## Exercise
Everything in the listing below should be written out again exactly, except the pictures.

===============

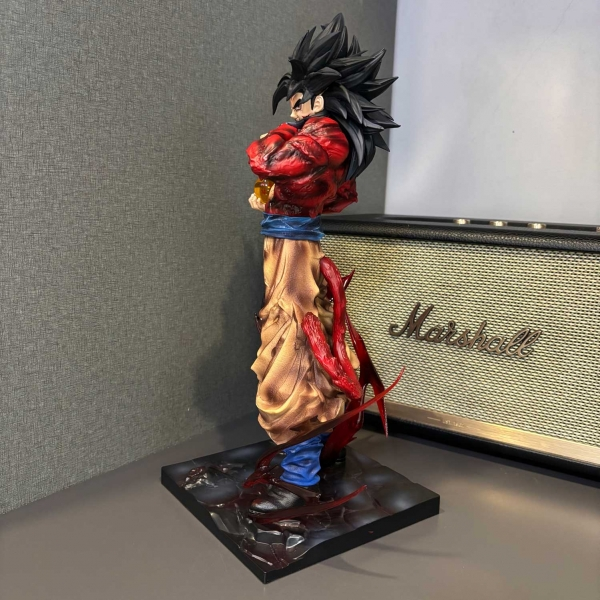 Mô hình Goku SSJ4 cầm ngọc rồng 34 cm - Dragon Ball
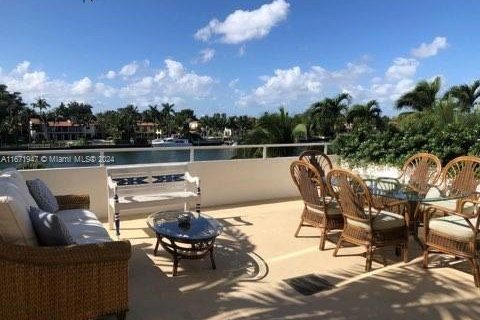 Condo in Miami Beach, Florida, 1 bedroom  № 1393637 - photo 1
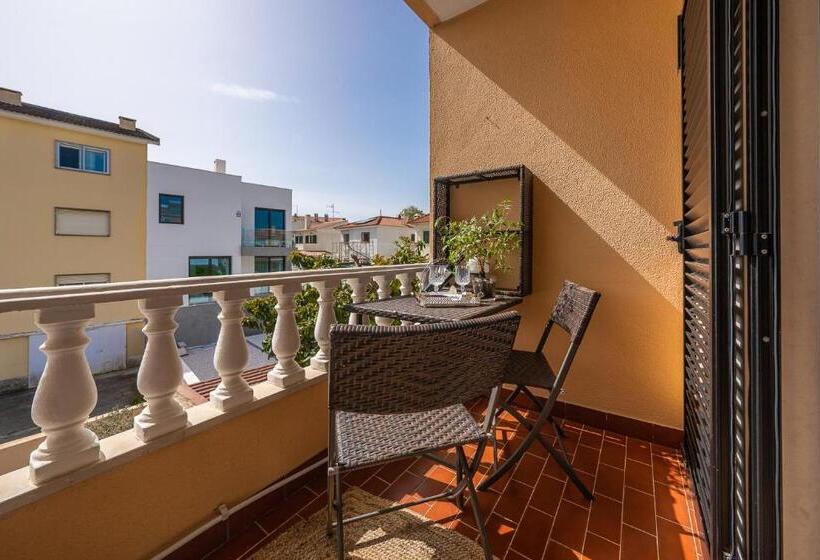 اتاق لوکس با بالکن, Lourenço S House Deluxe Cascais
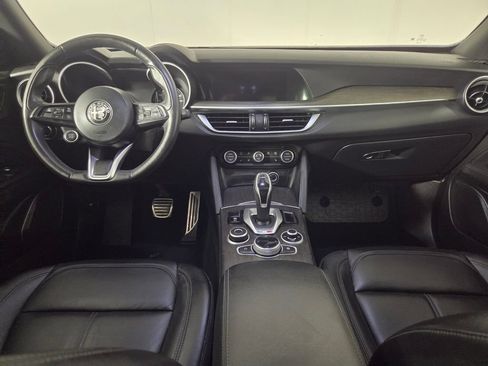 Used 2023 Alfa Romeo Stelvio Ti AWD/4WD image 27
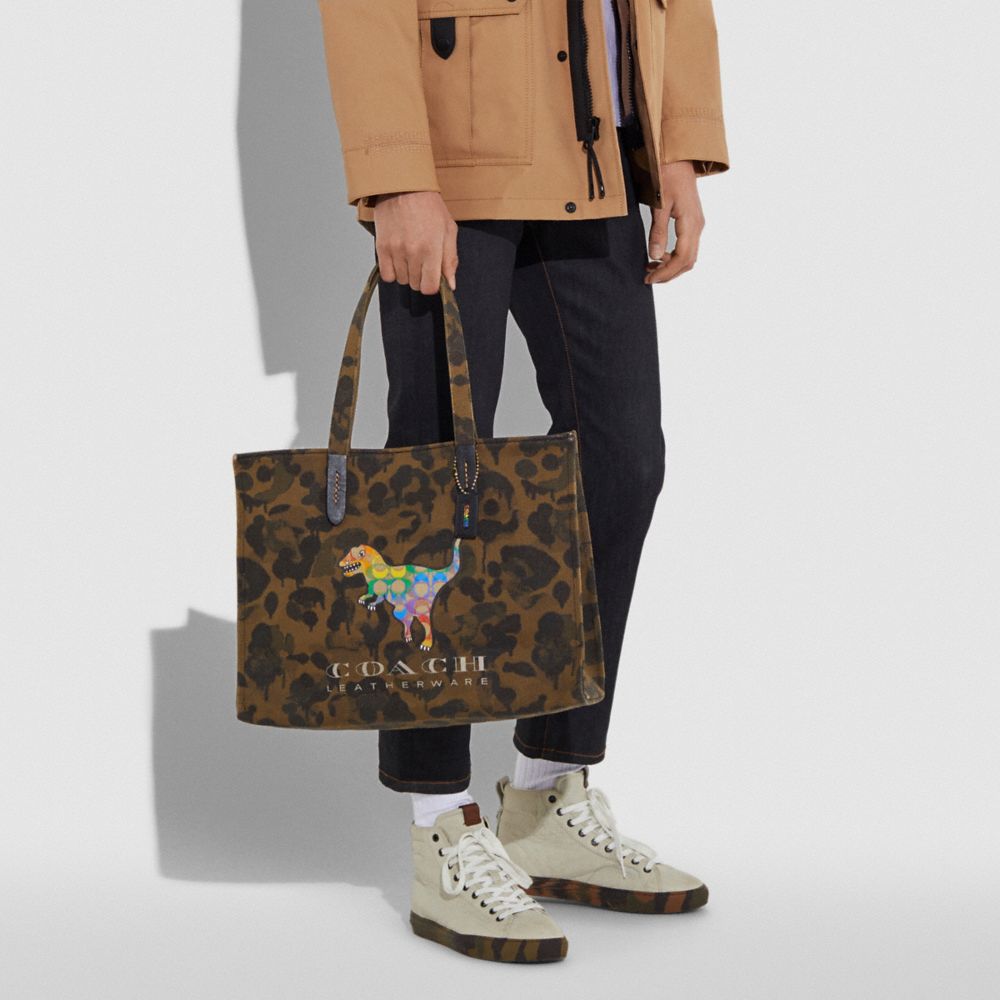 coach camouflage tote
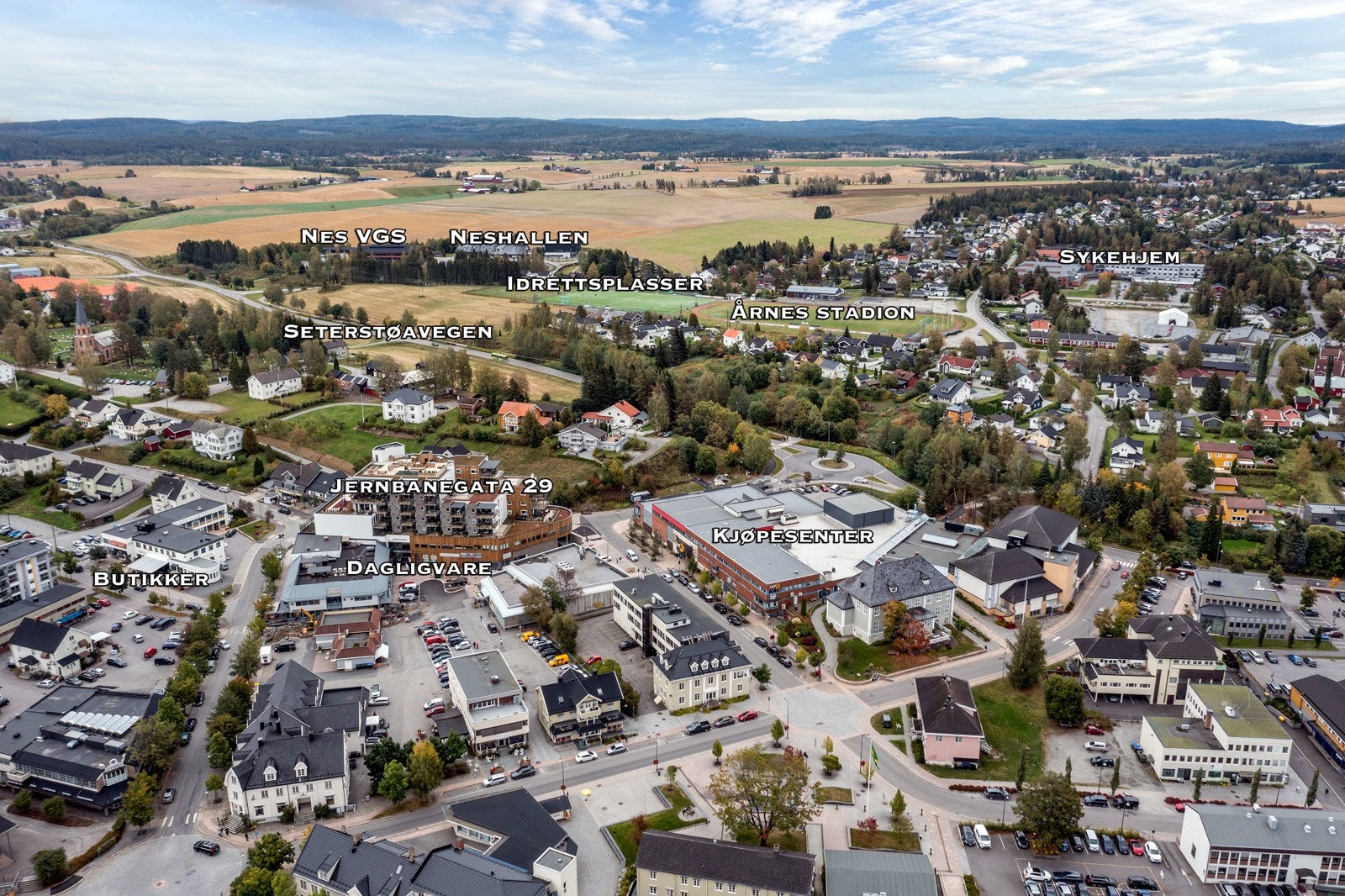 Dronebilde over nærområdet. Galleribilde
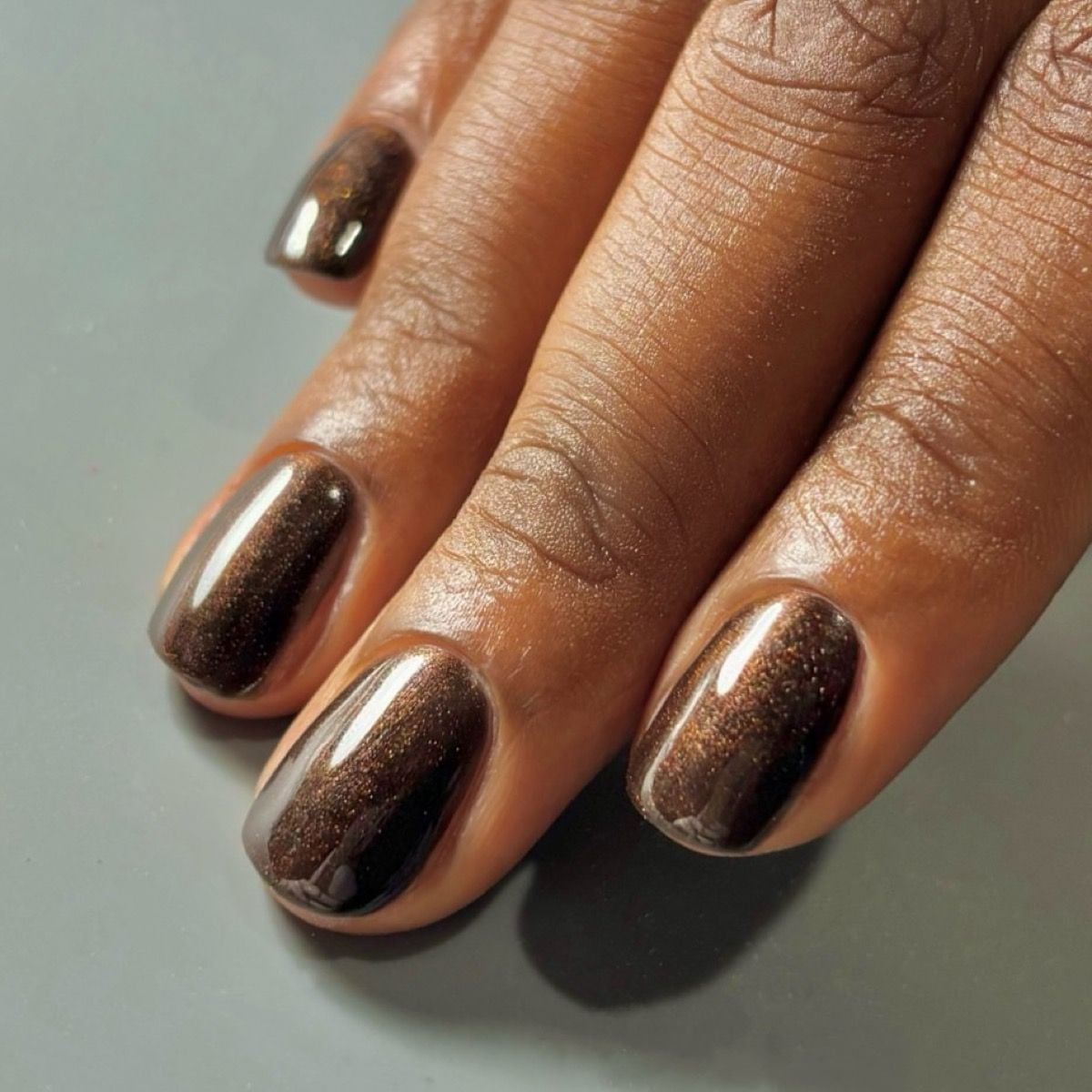 Deep Brown Cat Eye Short Oval Nails — Cute Tan Nails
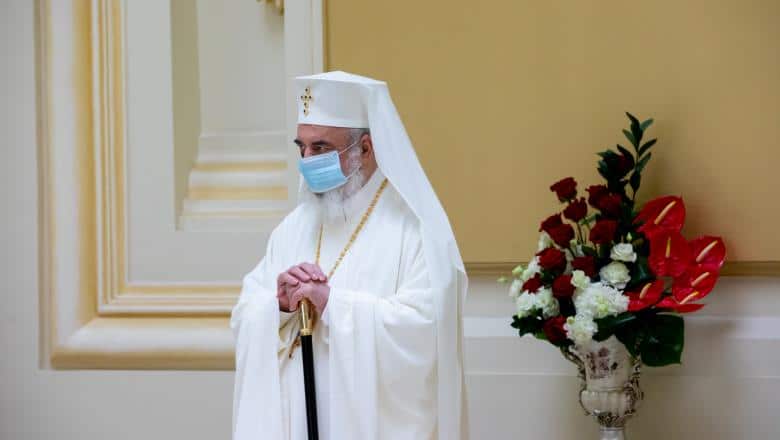 patriarhul româniei a apărut cu mască la un eveniment public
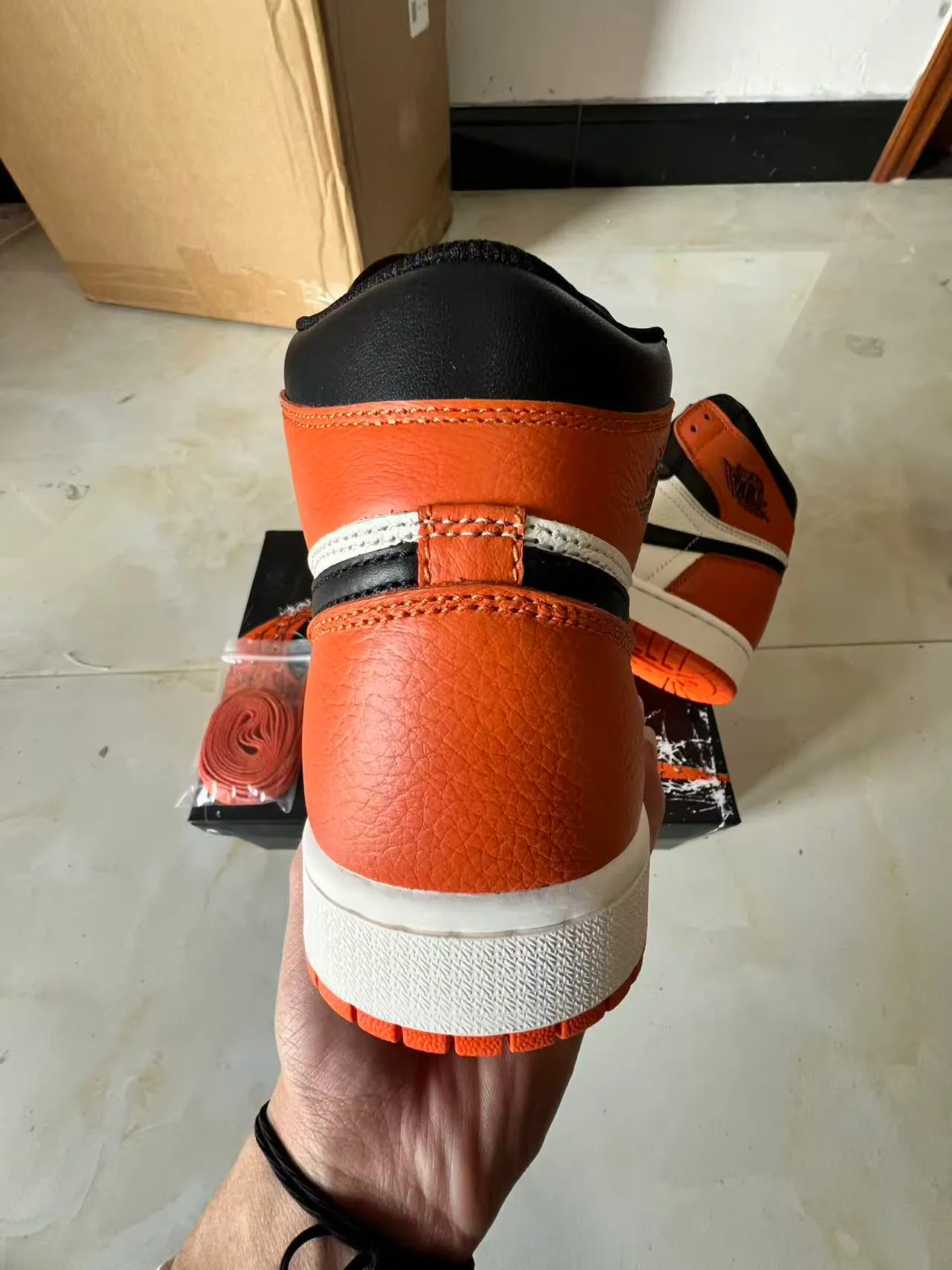 Air Jordan 1 Orange Black High-Top Leather-Paneled Basketball Shoes 8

===============

## Result
 Mô hình Goku SSJ4 cầm ngọc rồng 34 cm - Dragon Ball
 Condo in Miami Beach, Florida, 1 bedroom  № 1393637 - photo 1
 اتاق لوکس با بالکن, Lourenço S House Deluxe Cascais
 Used 2023 Alfa Romeo Stelvio Ti AWD/4WD image 27
 coach camouflage tote
 Dronebilde over nærområdet. Galleribilde
 Deep Brown Cat Eye Short Oval Nails — Cute Tan Nails
 patriarhul româniei a apărut cu mască la un eveniment public
 Air Jordan 1 Orange Black High-Top Leather-Paneled Basketball Shoes 8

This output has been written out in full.